● The task: When you reach the line containing "Fondants à la crème de marrons" in the records below, start copying exactly, and stop once you have copied the line containing "Shah-e-Ghagra (Green)".

● Dataset excerpts:
____________________

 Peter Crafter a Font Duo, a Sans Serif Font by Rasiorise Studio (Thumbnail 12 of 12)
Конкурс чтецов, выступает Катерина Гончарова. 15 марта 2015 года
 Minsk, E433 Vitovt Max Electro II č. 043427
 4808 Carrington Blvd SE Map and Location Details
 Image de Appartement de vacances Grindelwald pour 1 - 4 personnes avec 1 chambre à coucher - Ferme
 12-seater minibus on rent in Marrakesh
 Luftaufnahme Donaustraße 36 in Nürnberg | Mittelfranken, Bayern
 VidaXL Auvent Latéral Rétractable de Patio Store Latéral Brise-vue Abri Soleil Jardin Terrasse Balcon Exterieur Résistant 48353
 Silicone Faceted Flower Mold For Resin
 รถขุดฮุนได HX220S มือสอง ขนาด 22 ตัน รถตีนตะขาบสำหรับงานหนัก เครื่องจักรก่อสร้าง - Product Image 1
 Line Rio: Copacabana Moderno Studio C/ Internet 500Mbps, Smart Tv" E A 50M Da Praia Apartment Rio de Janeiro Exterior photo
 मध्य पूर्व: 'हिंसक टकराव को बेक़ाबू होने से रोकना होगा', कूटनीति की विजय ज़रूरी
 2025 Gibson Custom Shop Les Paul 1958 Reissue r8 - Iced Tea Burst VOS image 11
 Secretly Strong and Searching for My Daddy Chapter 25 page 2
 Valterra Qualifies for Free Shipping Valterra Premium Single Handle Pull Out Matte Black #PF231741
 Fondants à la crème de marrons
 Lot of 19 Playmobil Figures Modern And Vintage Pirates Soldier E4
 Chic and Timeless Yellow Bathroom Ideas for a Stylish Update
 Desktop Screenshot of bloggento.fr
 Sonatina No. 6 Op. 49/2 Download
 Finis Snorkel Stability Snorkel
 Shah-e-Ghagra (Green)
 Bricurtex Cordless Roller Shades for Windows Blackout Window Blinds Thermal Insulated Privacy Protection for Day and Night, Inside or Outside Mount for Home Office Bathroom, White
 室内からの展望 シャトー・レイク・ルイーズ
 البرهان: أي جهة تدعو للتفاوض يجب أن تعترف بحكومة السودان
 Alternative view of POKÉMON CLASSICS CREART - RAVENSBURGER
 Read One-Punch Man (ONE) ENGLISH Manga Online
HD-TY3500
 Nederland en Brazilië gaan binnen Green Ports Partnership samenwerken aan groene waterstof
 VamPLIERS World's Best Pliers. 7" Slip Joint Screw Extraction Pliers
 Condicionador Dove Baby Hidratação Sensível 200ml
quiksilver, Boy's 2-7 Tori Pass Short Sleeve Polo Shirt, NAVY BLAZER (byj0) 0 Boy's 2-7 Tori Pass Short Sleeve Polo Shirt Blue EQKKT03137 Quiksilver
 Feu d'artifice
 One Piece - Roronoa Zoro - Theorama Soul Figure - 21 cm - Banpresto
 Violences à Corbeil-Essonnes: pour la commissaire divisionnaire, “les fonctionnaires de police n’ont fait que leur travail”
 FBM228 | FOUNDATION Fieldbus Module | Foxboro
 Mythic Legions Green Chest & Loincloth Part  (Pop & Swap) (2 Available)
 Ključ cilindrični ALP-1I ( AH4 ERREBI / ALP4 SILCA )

____________________

● Task solution:
 Fondants à la crème de marrons
 Lot of 19 Playmobil Figures Modern And Vintage Pirates Soldier E4
 Chic and Timeless Yellow Bathroom Ideas for a Stylish Update
 Desktop Screenshot of bloggento.fr
 Sonatina No. 6 Op. 49/2 Download
 Finis Snorkel Stability Snorkel
 Shah-e-Ghagra (Green)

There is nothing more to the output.